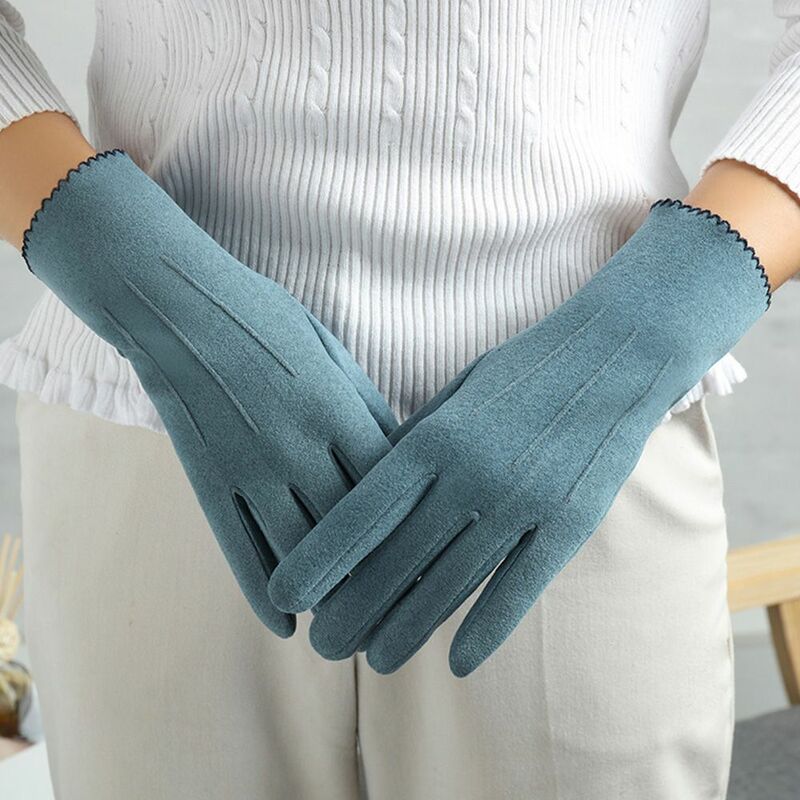 Ochrona przed zimnem kolarstwo na świeżym powietrzu jednolity kolorowy ekran dotykowy niemiecki polar koreański styl rękawiczki ciepłe rękawiczki damskie
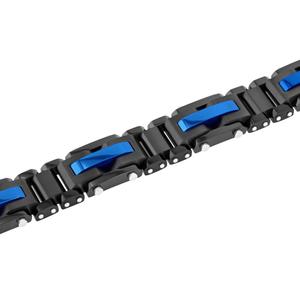 Mens Gentlemen's Classics(tm) Black & Blue Ion Plated Link Bracelet alternate view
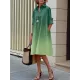 Long Sleeves Gradient Lapel Midi Dresses Long Sleeves Gradient Lapel Midi Dresses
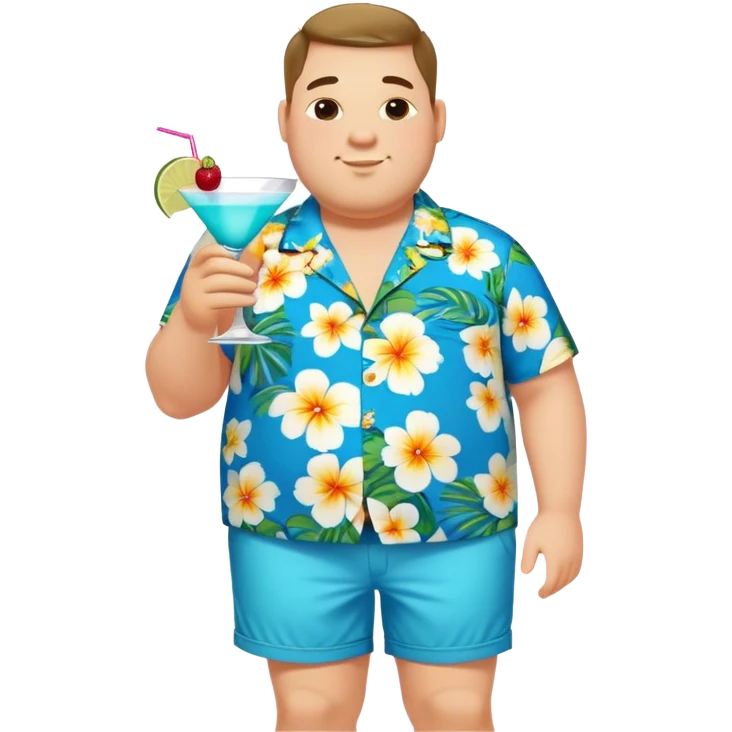 chubby guy full figure in a flowered azure havai shirt and shorts holding a cocktail emoji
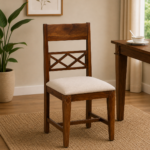 kroump Sheesham Wood Dining Chair In Provincial Teak Finish (Set Of 2)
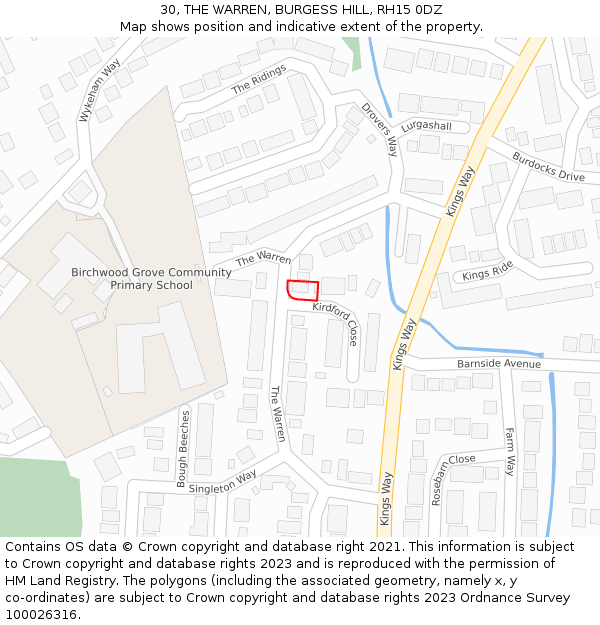 30, THE WARREN, BURGESS HILL, RH15 0DZ: Location map and indicative extent of plot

..............................

[Aim of the task] Make an exact copy of the listing, with no images in it.

[Final answer]
 Ochrona przed zimnem kolarstwo na świeżym powietrzu jednolity kolorowy ekran dotykowy niemiecki polar koreański styl rękawiczki ciepłe rękawiczki damskie
 Mens Gentlemen's Classics(tm) Black & Blue Ion Plated Link Bracelet alternate view
 Long Sleeves Gradient Lapel Midi Dresses Long Sleeves Gradient Lapel Midi Dresses
 chubby guy full figure in a flowered azure havai shirt and shorts holding a cocktail emoji
 kroump Sheesham Wood Dining Chair In Provincial Teak Finish (Set Of 2)
 30, THE WARREN, BURGESS HILL, RH15 0DZ: Location map and indicative extent of plot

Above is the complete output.